*Material provided*.
+ + + + + + +

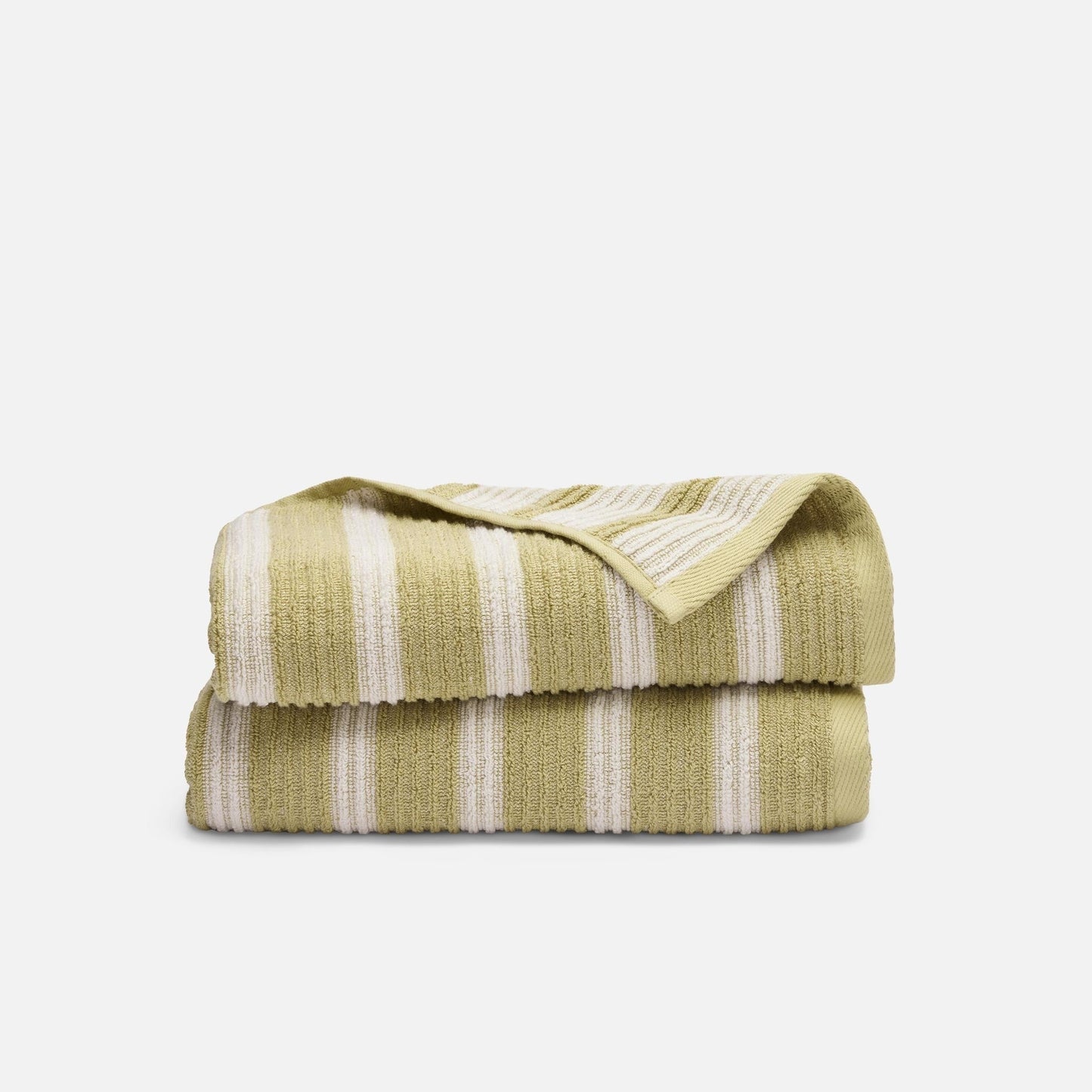 Ribbed Cotton TENCELTM Bath Towels Set of 2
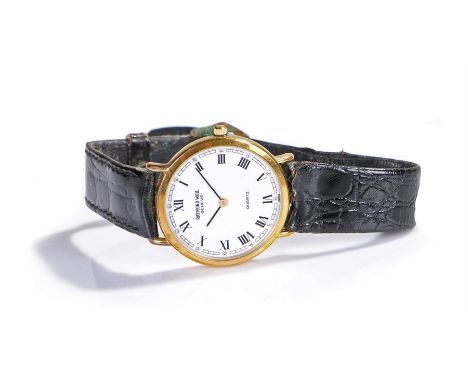 Raymond Weil gold plated gentleman's wristwatch, the signed white enamel dial with Roman hours, quartz movement, 30mm diamete
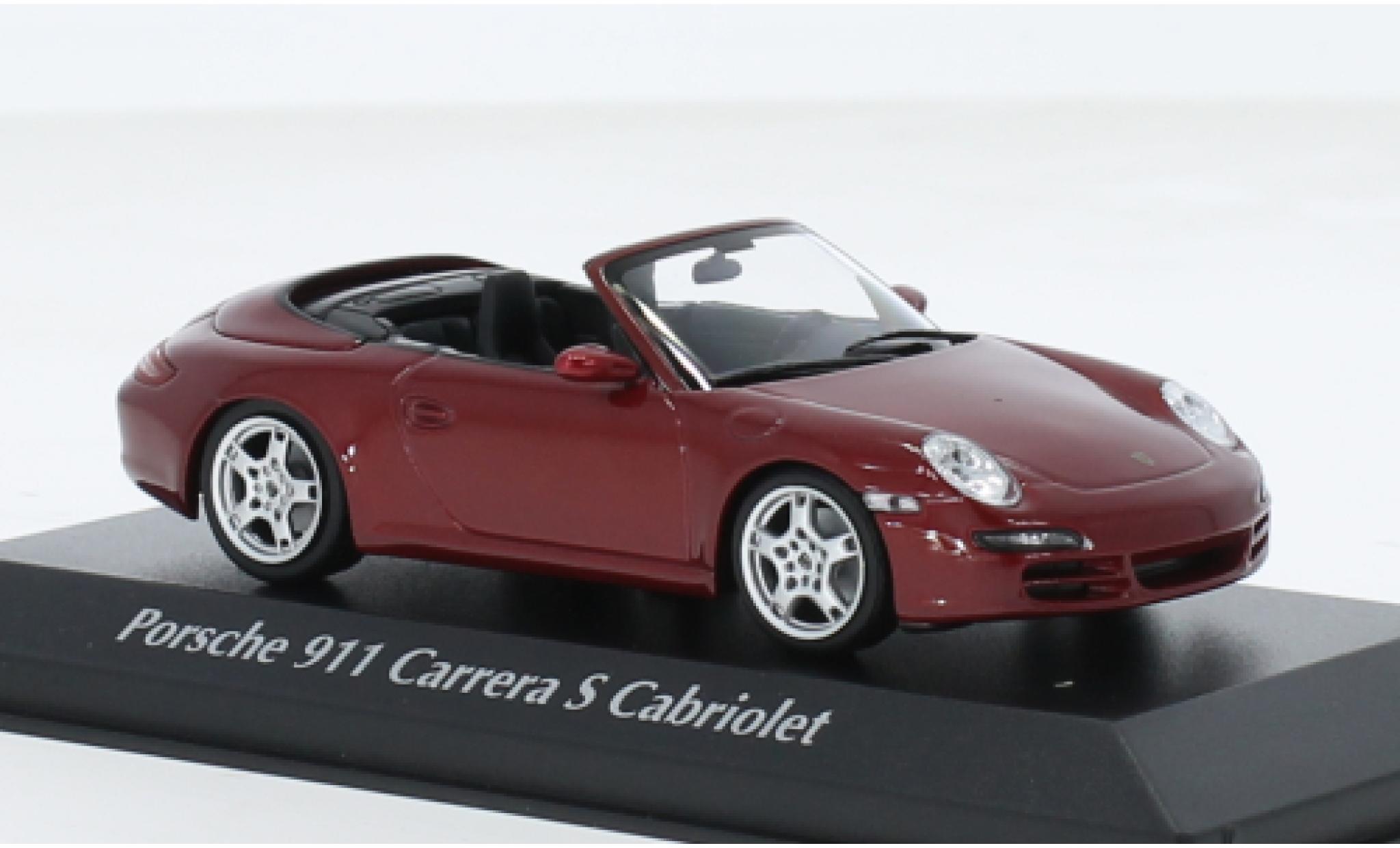 Porsche 997 S 1/43 Maxichamps 911  Carrera Cabriolet metallic rood 2005 1:43 modelauto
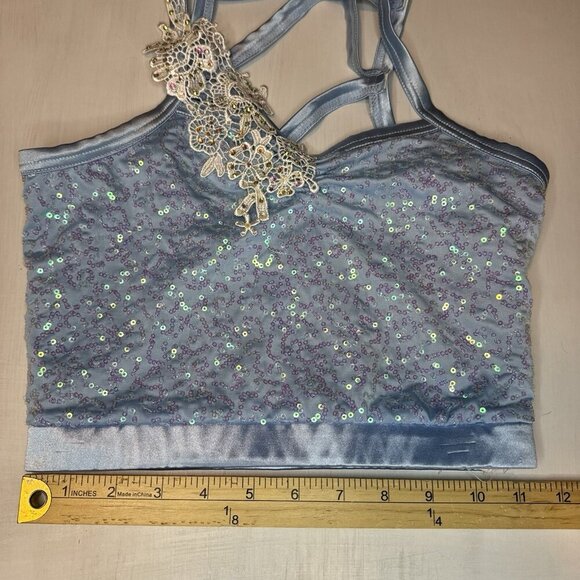 Weissman Dance Costume Girls L 2-Piece Blue Tutu Top Cinderella 9491 Sequins - Picture 15 of 16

+ + + + + + +

Drop the pictures, then write out only the lines running from the one containing "Porsche 997 S" through the last line above, both included, exactly.

 Porsche 997 S 1/43 Maxichamps 911  Carrera Cabriolet metallic rood 2005 1:43 modelauto
 Weissman Dance Costume Girls L 2-Piece Blue Tutu Top Cinderella 9491 Sequins - Picture 15 of 16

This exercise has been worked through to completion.